_WHAT TO DO_
Leaving out the pictures, print exactly the lines from the one holding "Hi! Thank you" to the last line of the entries below, both included, and nothing more.

_GIVEN RECORDS_
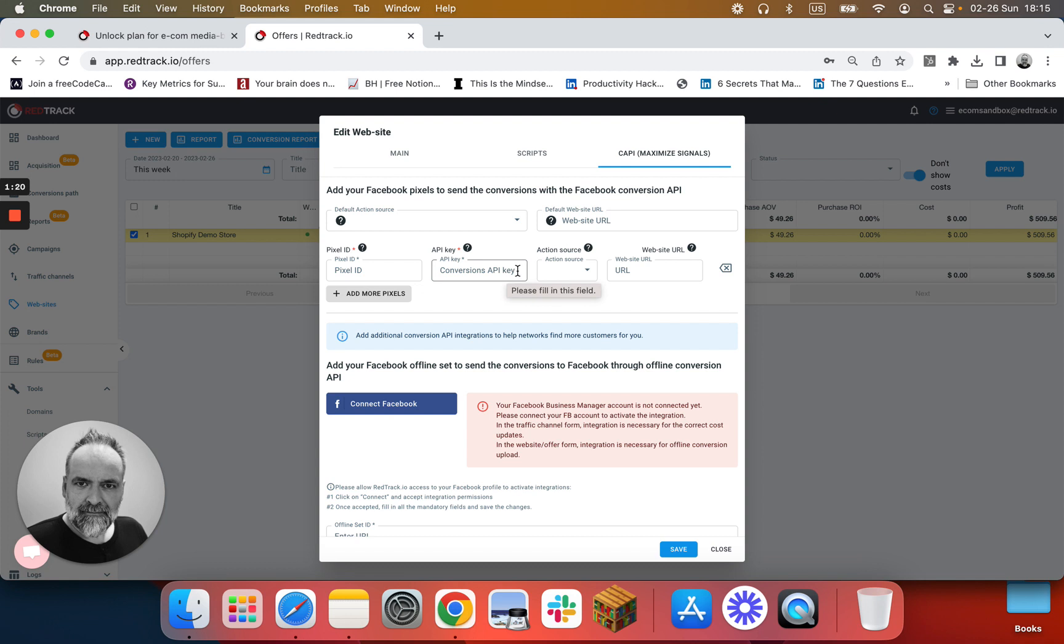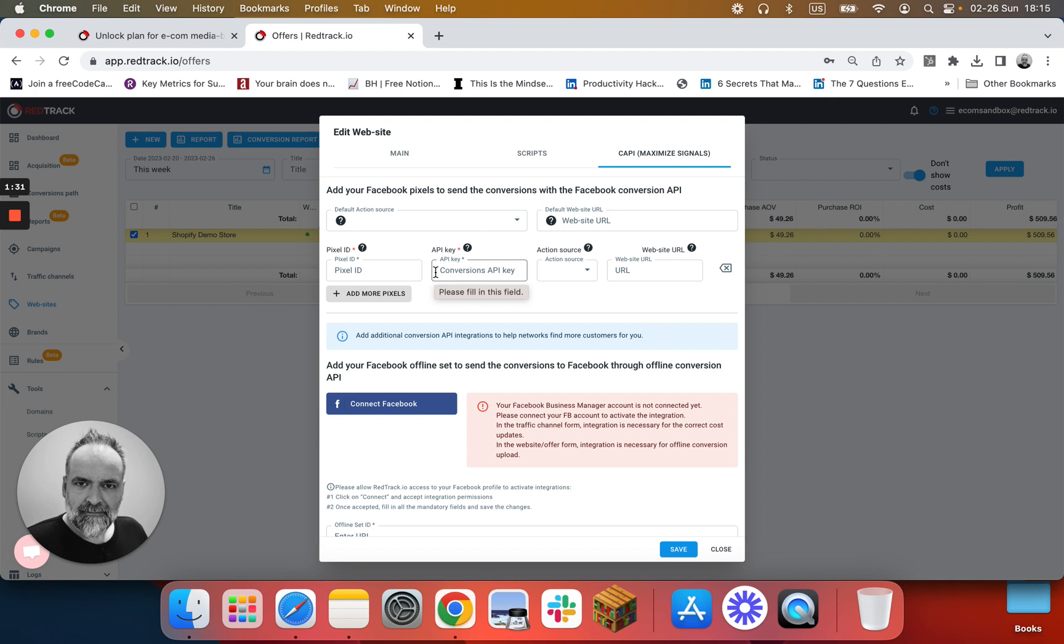The difference between adding pixel on the website level and on the traffic channel level is that when you add Facebook pixel on the website level, RedTrack Unlock will send all conversions, not only Facebook conversions, back to Facebook, ensuring that Facebook machine learning has maximum amount of data for better attribution and optimization.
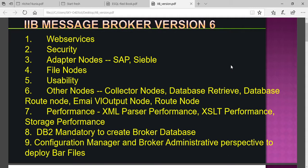When storing data in XML format, performance is slightly improved. With DB2, it was mandatory to create the broker database in version 6. The speaker notes that while he has not personally worked on IIB version 6, these differences are being explained based on prior training materials to help viewers understand what was provided in earlier versions.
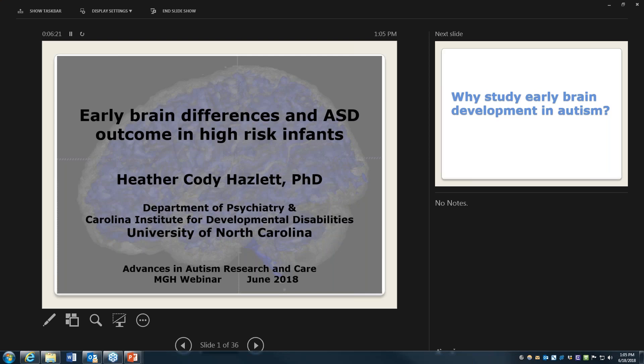All right, and without further ado, I'm going to welcome our network PI, Dr. Karen Polthau, who's going to welcome our presenter for the day.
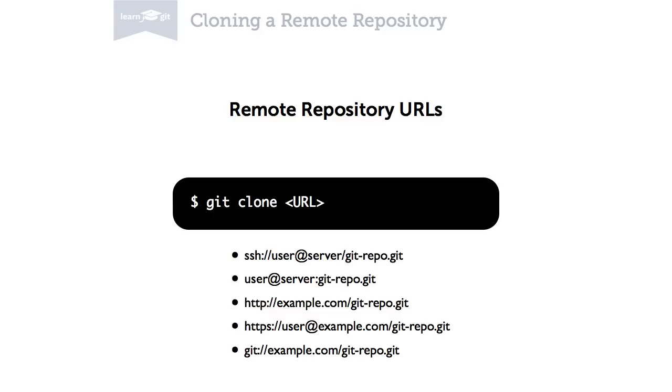A URL to a remote repository can take many forms. The first two examples use the popular SSH protocol. Just as common are URLs using HTTP or HTTPS. Less often you'll see the special Git protocol.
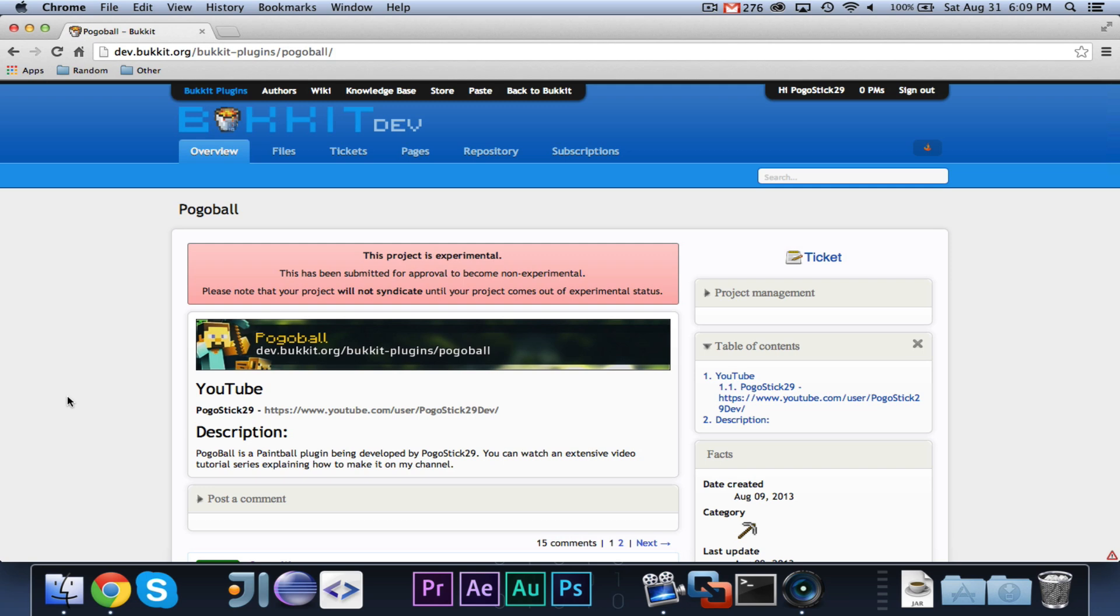So, if you want Pogoball, and if you have an error or a request, make a comment on the Bucket Dev page. Don't talk to me, because I am not handling that anymore.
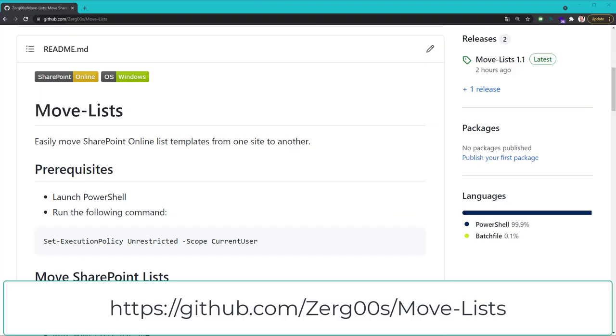I frequently use this tool to promote list templates from a development environment to a staging environment. It also lets me migrate new columns and views in existing lists.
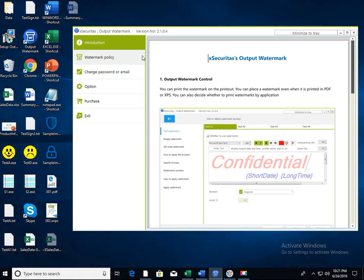Hi! Thank you for your interest in Watermark product developed by XSecuritas. This video explains how to create watermark policies.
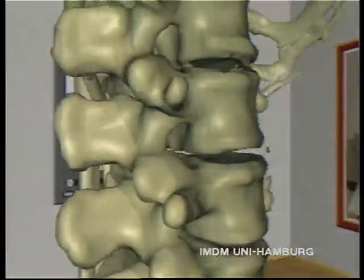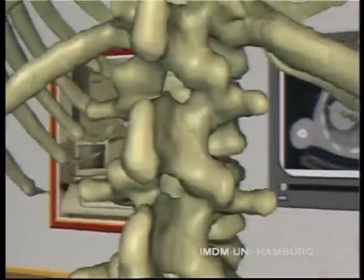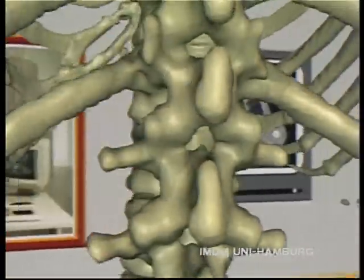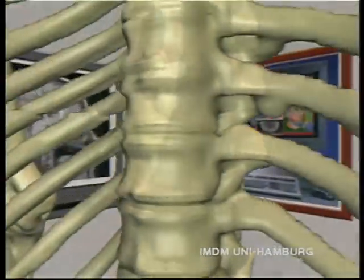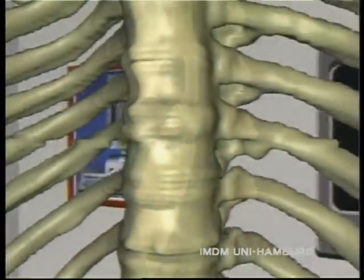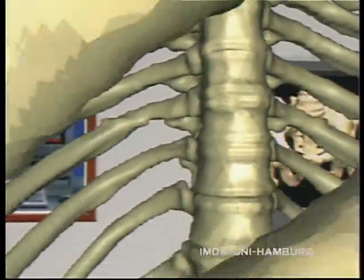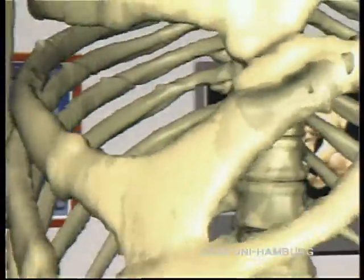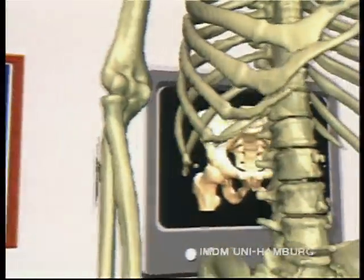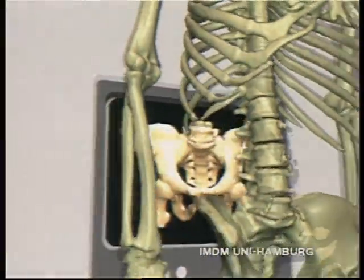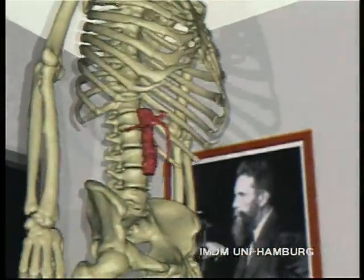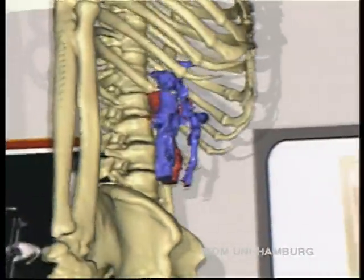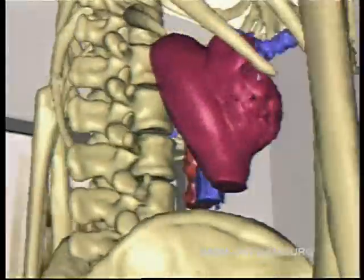Now we spiral upwards around the vertebral column into the thoracic cavity, and take a look from outside. Beyond mere bone imaging, the new technique of spiral CT delivers high-quality soft tissue data.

_RESPONSE TO THIS TASK_
Hi! Thank you for your interest in Watermark product developed by XSecuritas. This video explains how to create watermark policies.
Now we spiral upwards around the vertebral column into the thoracic cavity, and take a look from outside. Beyond mere bone imaging, the new technique of spiral CT delivers high-quality soft tissue data.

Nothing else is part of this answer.